Author: Jonty Skrufff
Monday, May 9, 2005
Bootlegs of the Sisters Of Mercy's underground anthem Alice popped up in London record shops this week, suggesting the massively influential Goth legends could be about to become the latest early 80s club pioneers to enjoy a career reappraisal.

Sources at one shop confidently insisted Soulwax are behind the track though the Low Power alias means in reality anybody could have made the high energy remake.

Despite being regularly ridiculed by mainstream media, as the Goth movement they helped inspire ossified beyond belief, the highly experimental rock band were one of the first to rely totally on drum machines, creating dance floor friendly rock music that dominated early 80s new wave clubs from London to New York and beyond.

Chatting to Jonty Skrufff in 1994 highly elusive Sisters mainman Andrew Eldritch admitted he developed a taste for "stupidly minimal and really daft' techno that used the same Roland 808 machines, though revealed he was less keen on the club culture that came with it.

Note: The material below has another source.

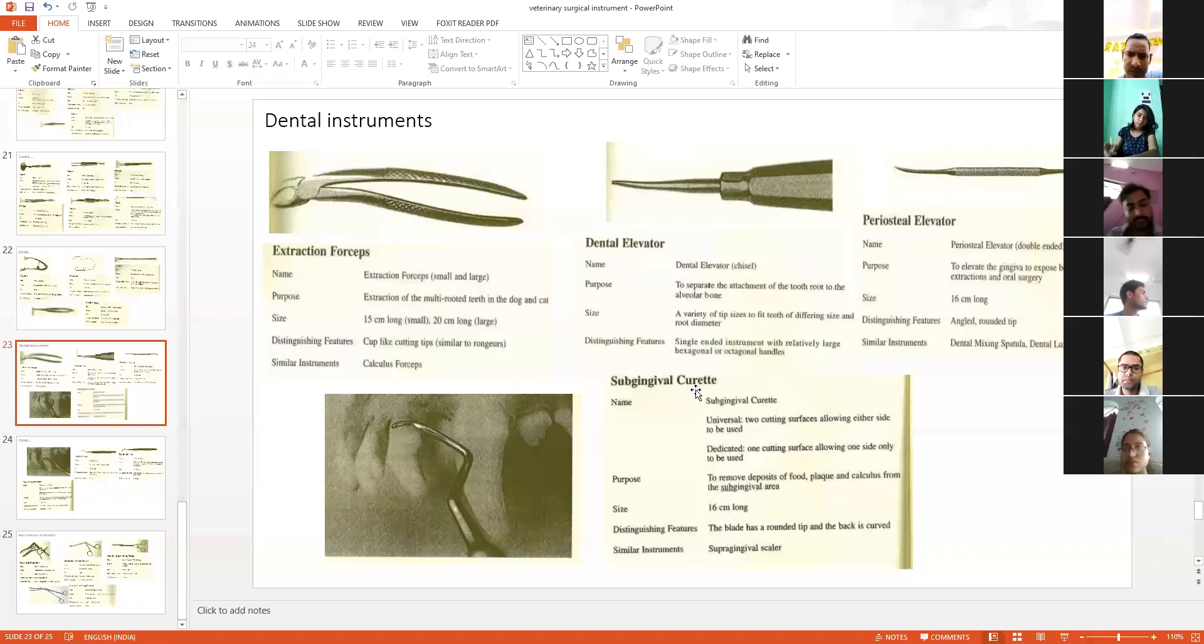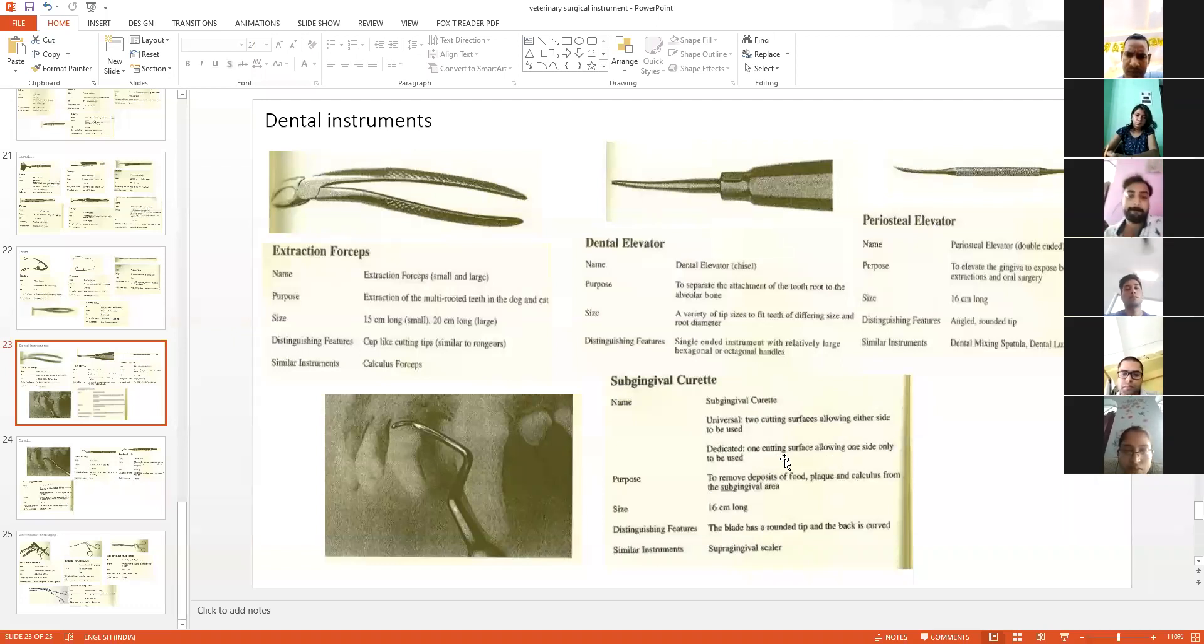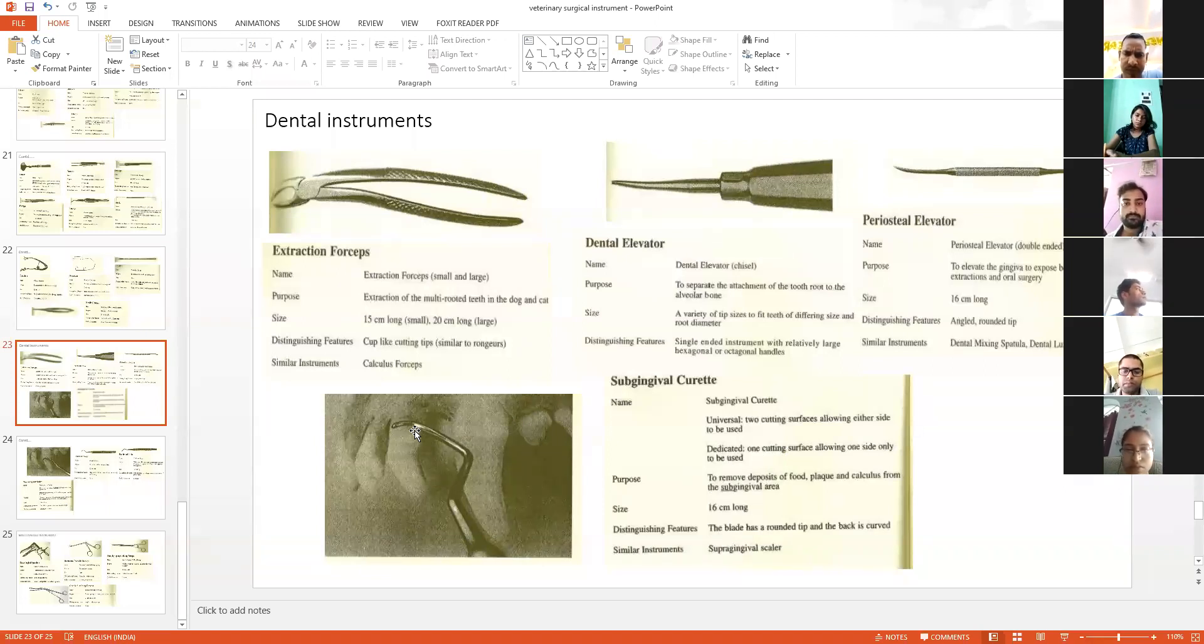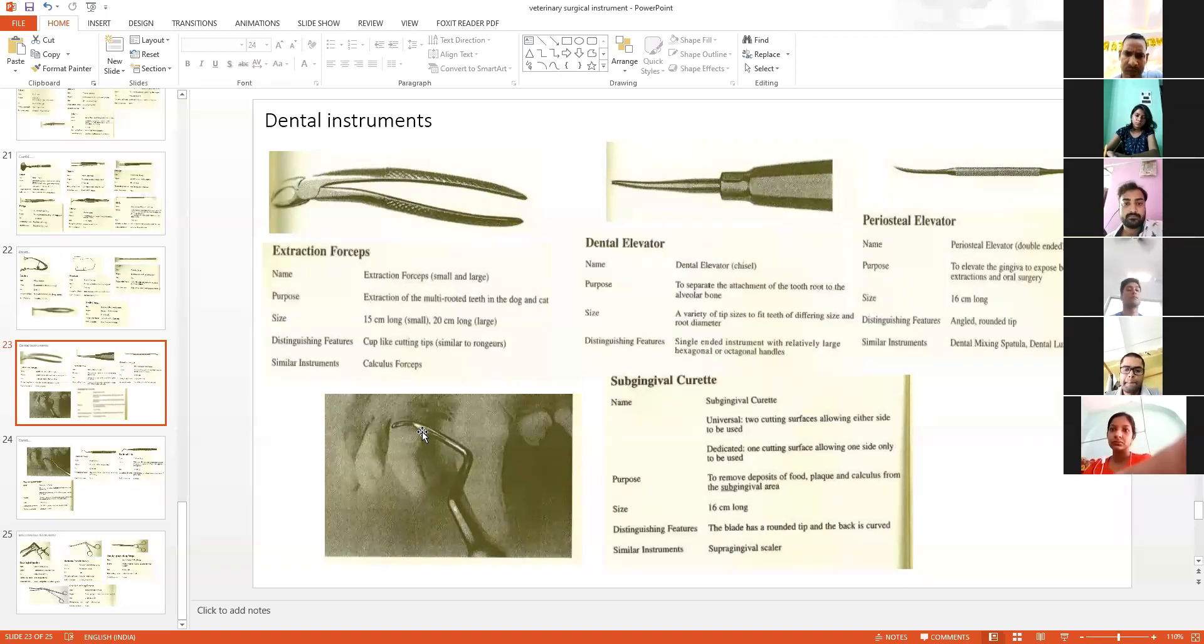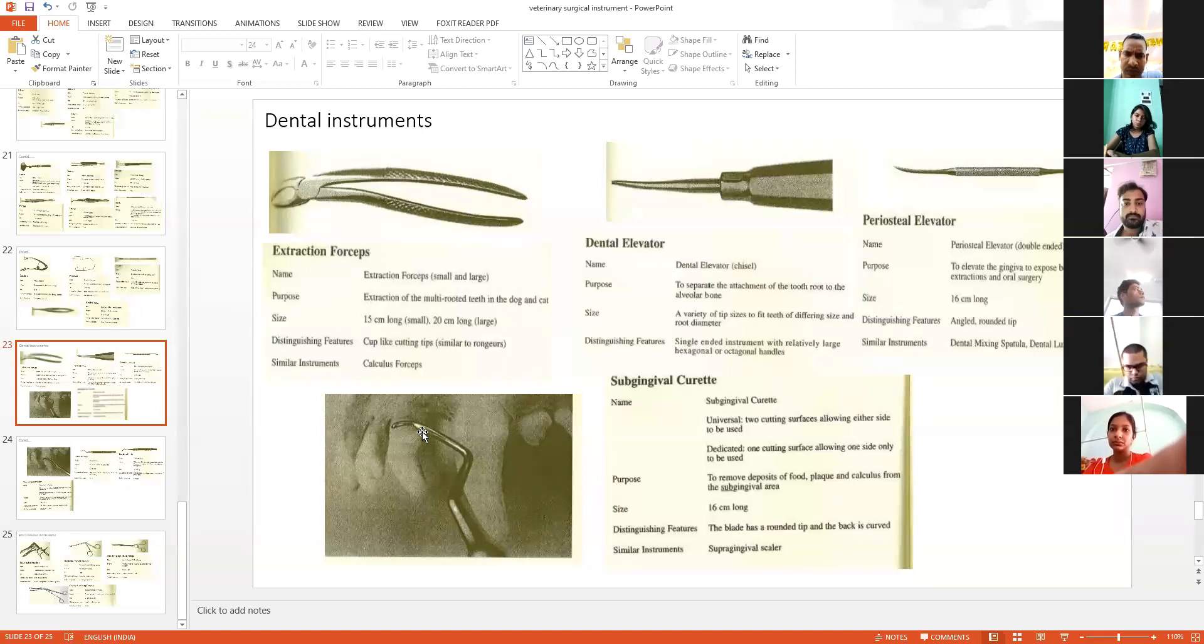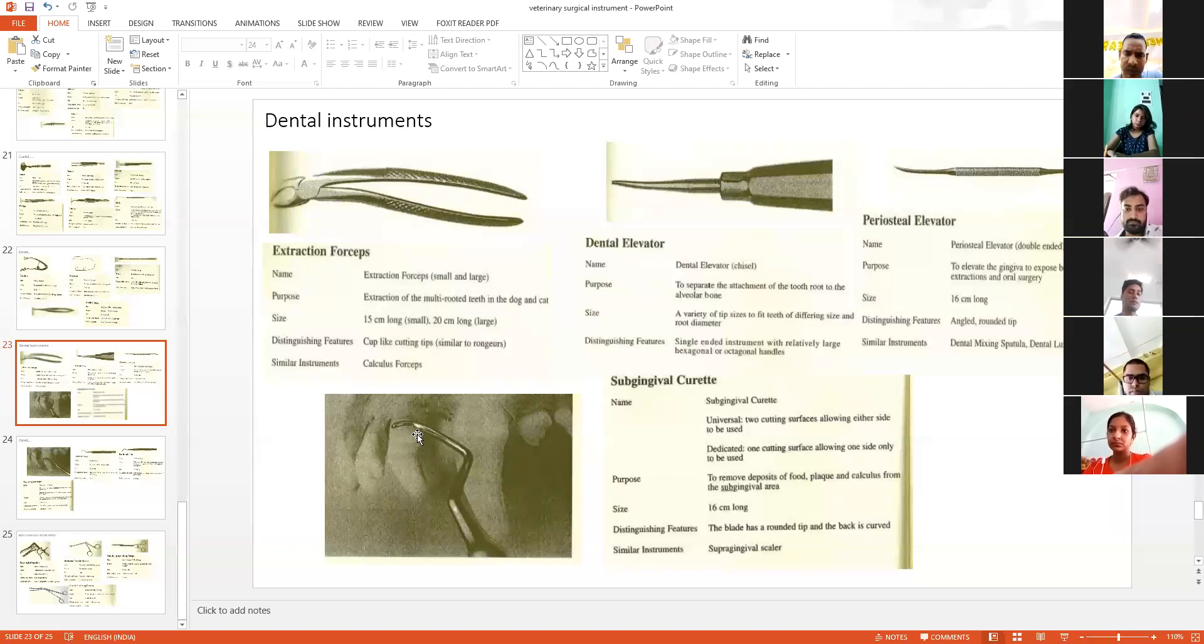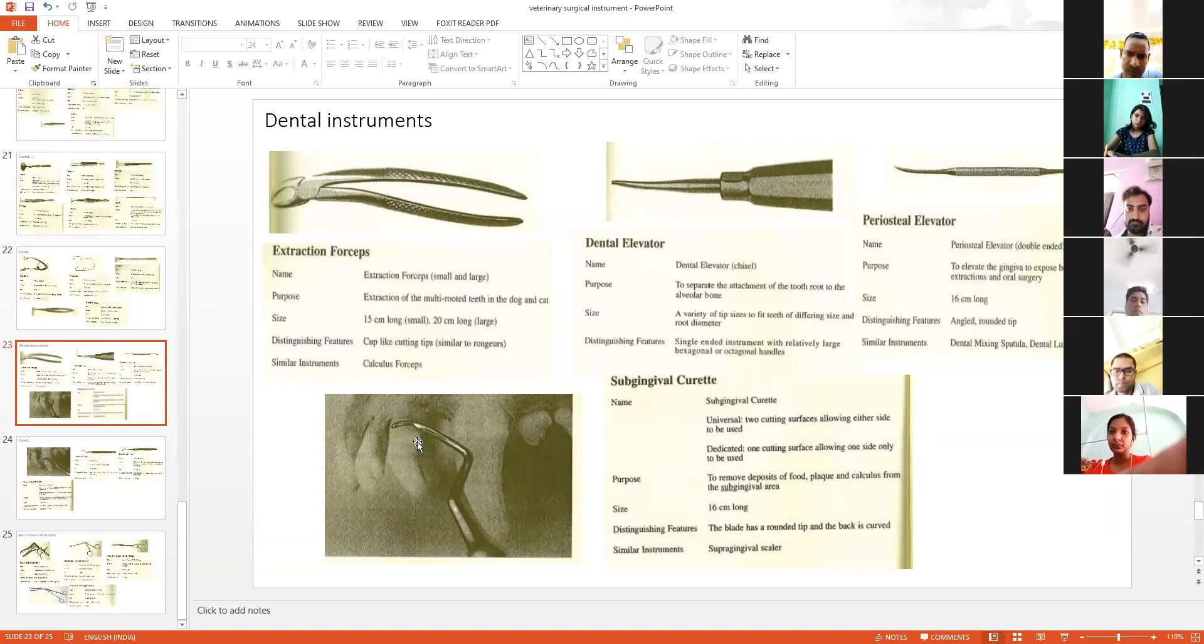This is the sub-gingival curet, which has one cutting surface. One portion has a cutting edge. When there is tartar deposition, food deposits, plaque, or calculus, you can use the cutting edge of this curet to clean the teeth and remove the tartar deposited over them.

"I don't take the right drugs to deal with the loud music and the crowds at raves, I'm basically still the same guy who left university and I don't feel comfortable in large crowds, they worry me and they make me nervous," he admitted.

"There are crucial barriers. A speed (amphetamine) person wouldn't do things in a large crowd which an ecstasy person would be perfectly happy doing. I think there are crucial differences, particularly that whole "I love everybody idea'. I really can't handle that," he explained.